• Dataset extract:
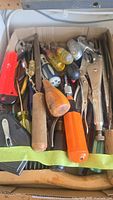 View of mixed hand tools including screwdrivers, pliers, and a vise grip inside a cardboard box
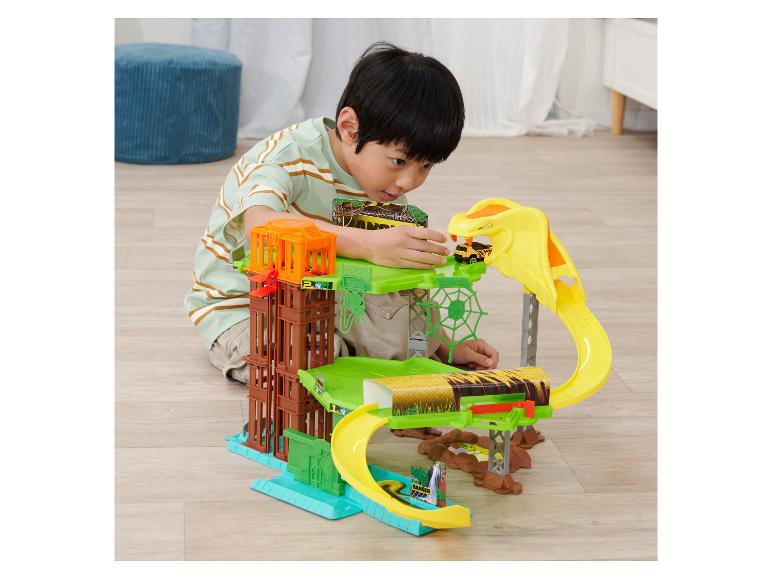 Een jongen speelt met een jungle-thema speelset met een autobaan en een cobra.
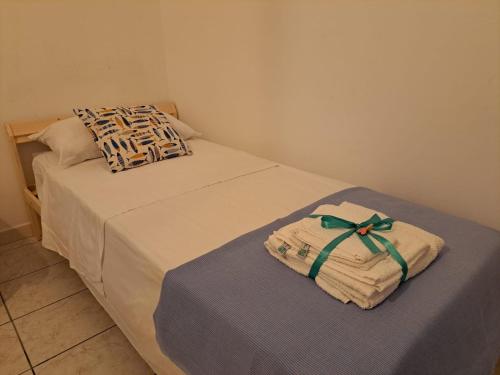two beds with towels sitting on a table in a room at Holidays at the Dock - Fiumicino Airport in Fiumicino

• Work instruction:
Return all of the lines above without alteration, minus the pictures.

• Answer section:
 View of mixed hand tools including screwdrivers, pliers, and a vise grip inside a cardboard box
 Een jongen speelt met een jungle-thema speelset met een autobaan en een cobra.
two beds with towels sitting on a table in a room at Holidays at the Dock - Fiumicino Airport in Fiumicino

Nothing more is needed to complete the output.